Old friends; oh how wonderful. Old friends have a past together. Times of happiness, sadness, or times of going through each others trials together or raising their families together . Times of spontaneous laughter or just quiet times sitting together over a cup of coffee or tea. Knowing each other so well you finish each others sentences. Sometimes being separated by miles or by life situations . But, upon the next meeting, whether it has been years or days, pick up exactly where you were as though no time or distance has ever happened. Speaking of finishing each others sentences, this happened recently with one of my childhood friends, Betty Berthelot. We were sitting in one of our wonderful little downtown cafes and having the best of times. As we were getting ready to leave, we were talking to another customer, and I suppose we both were talking, for Betty laughingly said to the other person,
"Have you noticed, it takes two to finish this conversation?" A good example of knowing each other so well you can finish the other's sentence.
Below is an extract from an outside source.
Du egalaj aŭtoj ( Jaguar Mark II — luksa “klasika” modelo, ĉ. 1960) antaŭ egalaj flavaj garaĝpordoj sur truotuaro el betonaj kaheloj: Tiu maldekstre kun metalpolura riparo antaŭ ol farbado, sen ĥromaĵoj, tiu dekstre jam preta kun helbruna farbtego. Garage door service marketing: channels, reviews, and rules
And comfort. Umm, the comfort of an old friendship. We all know the comfort of an old pair of shoes or that old faded worn out shirt or blouse. The newness slowly evolved into comfort. We can't wait to get into them. They feel so right. This is the way it is with old friendships.
New friendships, old friendships. They both are so important in our lives. New friendships eventually evolve into the old comfortable friendships, where perhaps in the beginning there may have been some pretense on each others part before we reached the comfortable stage.
I believe we should have friends of all ages. Older people need the young in their lives and younger people need the elders in their lives. My mom once told me that she would have to pay someone to attend her funeral. What she was talking about was that at her age all her friends had either passed on or were in a nursing home. This is true for any of us who live to be old. My response was, "Mom, that is why I try to make as many young friends as I can." If we keep making friends younger than we are, we will always have someone in our lives.
Friends are important enough in our lives that the word of God talks about friendship; from choosing our friends to the way we treat our friends and how to have friends. Jesus said in John 15:13, "Greater love has no man that someone lay down his life for his friends." In the next verse He went on to call us his friends.
Friendships so often happen by accident, but they have to be cultivated and cared for.
In Proverbs 18:24, the Word also tells us how to have friends. "A man that hath friends must show himself friendly."
This was not initially the way my mind was headed for this columns, so cherish and take care of those old friendships and build new ones that will grow.
My heroes and heroines this column are my dear friends, whether by blood or by acquisition. Don't forget, you never know when you may show up as my hero or heroine.